_Assignment_:
With no addition or omission, return the entries below.

Stored data
--- START ---
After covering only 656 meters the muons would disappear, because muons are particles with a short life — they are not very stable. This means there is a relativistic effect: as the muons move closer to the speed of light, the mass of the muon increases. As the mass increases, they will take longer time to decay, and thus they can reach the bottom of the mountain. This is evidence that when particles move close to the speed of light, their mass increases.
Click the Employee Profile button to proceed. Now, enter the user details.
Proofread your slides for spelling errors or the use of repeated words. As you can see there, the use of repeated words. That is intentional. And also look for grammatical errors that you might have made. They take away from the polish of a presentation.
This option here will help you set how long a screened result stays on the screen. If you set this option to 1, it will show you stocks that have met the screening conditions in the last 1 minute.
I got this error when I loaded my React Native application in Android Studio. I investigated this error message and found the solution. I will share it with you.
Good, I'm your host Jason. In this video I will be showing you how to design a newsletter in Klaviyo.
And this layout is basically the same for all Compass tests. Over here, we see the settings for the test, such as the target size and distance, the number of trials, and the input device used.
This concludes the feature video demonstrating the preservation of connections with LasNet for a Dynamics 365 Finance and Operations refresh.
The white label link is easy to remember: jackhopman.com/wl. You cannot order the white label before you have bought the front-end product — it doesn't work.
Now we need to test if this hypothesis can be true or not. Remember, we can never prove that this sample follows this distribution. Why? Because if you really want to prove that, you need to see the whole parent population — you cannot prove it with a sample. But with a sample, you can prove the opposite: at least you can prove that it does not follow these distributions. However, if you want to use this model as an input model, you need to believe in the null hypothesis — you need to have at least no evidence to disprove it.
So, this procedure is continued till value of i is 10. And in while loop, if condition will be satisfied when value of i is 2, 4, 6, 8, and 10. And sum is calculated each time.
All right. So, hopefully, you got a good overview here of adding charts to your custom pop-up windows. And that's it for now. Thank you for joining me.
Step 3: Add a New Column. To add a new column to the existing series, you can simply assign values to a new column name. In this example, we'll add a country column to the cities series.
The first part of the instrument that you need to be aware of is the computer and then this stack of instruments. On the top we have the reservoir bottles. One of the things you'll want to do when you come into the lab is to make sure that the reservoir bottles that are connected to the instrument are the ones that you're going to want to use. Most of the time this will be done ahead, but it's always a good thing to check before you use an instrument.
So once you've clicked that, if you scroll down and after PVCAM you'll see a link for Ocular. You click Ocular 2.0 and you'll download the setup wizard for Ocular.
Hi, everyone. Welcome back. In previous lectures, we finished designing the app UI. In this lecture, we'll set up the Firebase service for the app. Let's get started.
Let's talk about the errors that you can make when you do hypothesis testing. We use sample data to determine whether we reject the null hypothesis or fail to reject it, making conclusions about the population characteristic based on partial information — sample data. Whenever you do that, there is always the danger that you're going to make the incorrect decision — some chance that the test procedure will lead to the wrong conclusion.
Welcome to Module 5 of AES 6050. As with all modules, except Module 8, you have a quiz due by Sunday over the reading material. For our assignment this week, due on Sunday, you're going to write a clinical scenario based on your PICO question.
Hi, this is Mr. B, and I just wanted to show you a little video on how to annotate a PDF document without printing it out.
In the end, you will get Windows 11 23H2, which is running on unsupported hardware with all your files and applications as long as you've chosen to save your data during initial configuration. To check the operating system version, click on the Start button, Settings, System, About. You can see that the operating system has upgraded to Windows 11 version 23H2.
--- END ---
_Solved problem_:
After covering only 656 meters the muons would disappear, because muons are particles with a short life — they are not very stable. This means there is a relativistic effect: as the muons move closer to the speed of light, the mass of the muon increases. As the mass increases, they will take longer time to decay, and thus they can reach the bottom of the mountain. This is evidence that when particles move close to the speed of light, their mass increases.
Click the Employee Profile button to proceed. Now, enter the user details.
Proofread your slides for spelling errors or the use of repeated words. As you can see there, the use of repeated words. That is intentional. And also look for grammatical errors that you might have made. They take away from the polish of a presentation.
This option here will help you set how long a screened result stays on the screen. If you set this option to 1, it will show you stocks that have met the screening conditions in the last 1 minute.
I got this error when I loaded my React Native application in Android Studio. I investigated this error message and found the solution. I will share it with you.
Good, I'm your host Jason. In this video I will be showing you how to design a newsletter in Klaviyo.
And this layout is basically the same for all Compass tests. Over here, we see the settings for the test, such as the target size and distance, the number of trials, and the input device used.
This concludes the feature video demonstrating the preservation of connections with LasNet for a Dynamics 365 Finance and Operations refresh.
The white label link is easy to remember: jackhopman.com/wl. You cannot order the white label before you have bought the front-end product — it doesn't work.
Now we need to test if this hypothesis can be true or not. Remember, we can never prove that this sample follows this distribution. Why? Because if you really want to prove that, you need to see the whole parent population — you cannot prove it with a sample. But with a sample, you can prove the opposite: at least you can prove that it does not follow these distributions. However, if you want to use this model as an input model, you need to believe in the null hypothesis — you need to have at least no evidence to disprove it.
So, this procedure is continued till value of i is 10. And in while loop, if condition will be satisfied when value of i is 2, 4, 6, 8, and 10. And sum is calculated each time.
All right. So, hopefully, you got a good overview here of adding charts to your custom pop-up windows. And that's it for now. Thank you for joining me.
Step 3: Add a New Column. To add a new column to the existing series, you can simply assign values to a new column name. In this example, we'll add a country column to the cities series.
The first part of the instrument that you need to be aware of is the computer and then this stack of instruments. On the top we have the reservoir bottles. One of the things you'll want to do when you come into the lab is to make sure that the reservoir bottles that are connected to the instrument are the ones that you're going to want to use. Most of the time this will be done ahead, but it's always a good thing to check before you use an instrument.
So once you've clicked that, if you scroll down and after PVCAM you'll see a link for Ocular. You click Ocular 2.0 and you'll download the setup wizard for Ocular.
Hi, everyone. Welcome back. In previous lectures, we finished designing the app UI. In this lecture, we'll set up the Firebase service for the app. Let's get started.
Let's talk about the errors that you can make when you do hypothesis testing. We use sample data to determine whether we reject the null hypothesis or fail to reject it, making conclusions about the population characteristic based on partial information — sample data. Whenever you do that, there is always the danger that you're going to make the incorrect decision — some chance that the test procedure will lead to the wrong conclusion.
Welcome to Module 5 of AES 6050. As with all modules, except Module 8, you have a quiz due by Sunday over the reading material. For our assignment this week, due on Sunday, you're going to write a clinical scenario based on your PICO question.
Hi, this is Mr. B, and I just wanted to show you a little video on how to annotate a PDF document without printing it out.
In the end, you will get Windows 11 23H2, which is running on unsupported hardware with all your files and applications as long as you've chosen to save your data during initial configuration. To check the operating system version, click on the Start button, Settings, System, About. You can see that the operating system has upgraded to Windows 11 version 23H2.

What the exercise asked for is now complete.